Hall B M, Fortney J E, Gibson L F
Department of Pediatrics, Robert C. Byrd Health Sciences Center, P.O. Box 9214, West Virginia University, 26506, Morgantown, WV, USA.
Biochem Pharmacol. 2001 May 15;61(10):1243-52. doi: 10.1016/s0006-2952(01)00602-5.
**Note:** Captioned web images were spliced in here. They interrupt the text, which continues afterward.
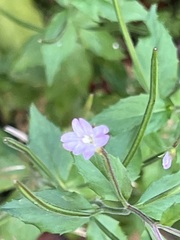Epilobium ciliatum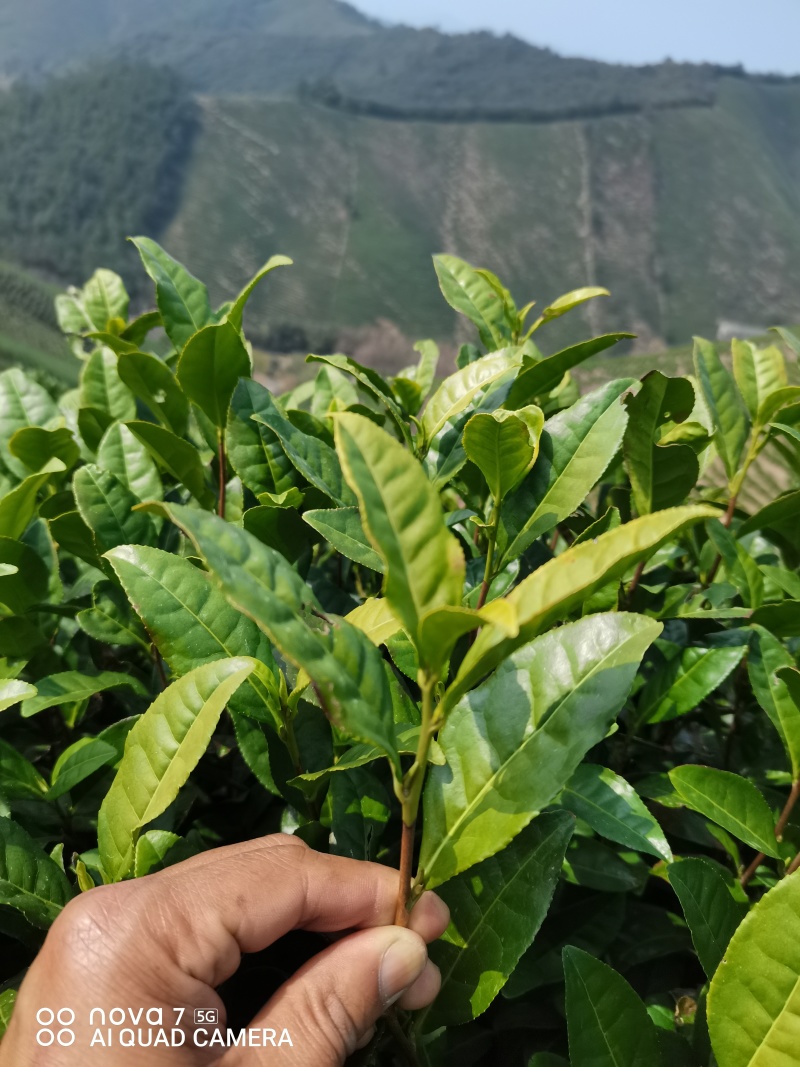 原产地安吉白茶，头采。自产自销、品质保证。顺丰直达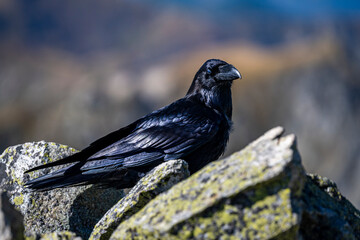 Common Raven, Corvus corax, on a rock in the Tatra Mountains, Poland.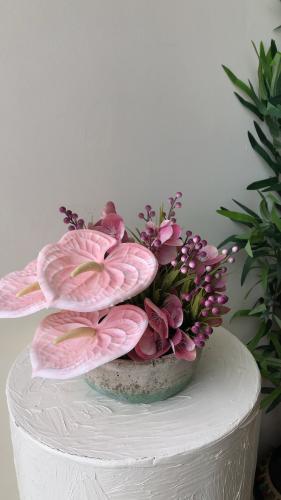 فازه كلاسيك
Bone marrow stromal cells are an essential regulatory component in the hematopoietic microenvironment. Regulation of hematopoietic cell development is mediated, in part, through interaction of progenitor cells with stromal cell vascular cell adhesion molecule-1 (VCAM-1). VCAM-1 expression has been shown to be driven primarily by binding of nuclear factor-kappaB (NF-kappaB) to two consensus binding sites in the promoter region. In this study, we show that down-regulation of VCAM-1 by the chemotherapeutic agent etoposide (VP-16) is associated with altered cellular localization of NF-kappaB. We demonstrated that VCAM-1 was diminished at the transcriptional level following treatment of stromal cells with VP-16, without alteration of VCAM-1 stability. Culture of bone marrow stromal cells in VP-16 resulted in reduced nuclear RelA (p65), a modest increase in nuclear NF-kappaB1 (p50), and reduced NF-kappaB binding to its DNA consensus sequence. Total levels of the NF-kappaB inhibitor Ikappa-Balpha were reduced during exposure to VP-16. Following removal of VP-16 from the culture, p65 and p50 nuclear profiles approximated those of untreated stromal cells, and VCAM-1 protein expression was restored. The current study indicates that NF-kappaB is a target molecule that is responsive to VP-16-induced damage in bone marrow stromal cells. As the primary transcription factor that promotes VCAM-1 expression, the observed changes in p65 and p50 cellular localization during treatment have a direct consequence for stromal cell function. The myriad of genes regulated by NF-kappaB, including both adhesion molecules and cytokines that contribute to stromal cell function, make chemotherapy-induced disruption of NF-kappaB biologically significant. Alterations in NF-kappaB activity may provide one measure by which the effects of aggressive treatment strategies on the bone marrow microenvironment can be evaluated.
骨髓基质细胞是造血微环境中重要的调节成分。造血细胞发育的调节部分是通过祖细胞与基质细胞血管细胞黏附分子-1(VCAM-1)的相互作用介导的。已表明VCAM-1的表达主要由核因子-κB(NF-κB)与启动子区域的两个共有结合位点结合驱动。在本研究中,我们表明化疗药物依托泊苷(VP-16)对VCAM-1的下调与NF-κB细胞定位的改变有关。我们证明,用VP-16处理基质细胞后,VCAM-1在转录水平降低,而VCAM-1稳定性未改变。在VP-16中培养骨髓基质细胞导致核RelA(p65)减少,核NF-κB1(p50)适度增加,且NF-κB与其DNA共有序列的结合减少。在暴露于VP-16期间,NF-κB抑制剂IκBα的总水平降低。从培养物中去除VP-16后,p65和p50的核分布接近未处理的基质细胞,并且VCAM-1蛋白表达得以恢复。当前研究表明NF-κB是对骨髓基质细胞中VP-16诱导的损伤有反应的靶分子。作为促进VCAM-1表达的主要转录因子,治疗期间观察到的p65和p50细胞定位变化对基质细胞功能有直接影响。由NF-κB调节的众多基因,包括有助于基质细胞功能的黏附分子和细胞因子,使得化疗诱导的NF-κB破坏具有生物学意义。NF-κB活性的改变可能提供一种评估积极治疗策略对骨髓微环境影响的方法。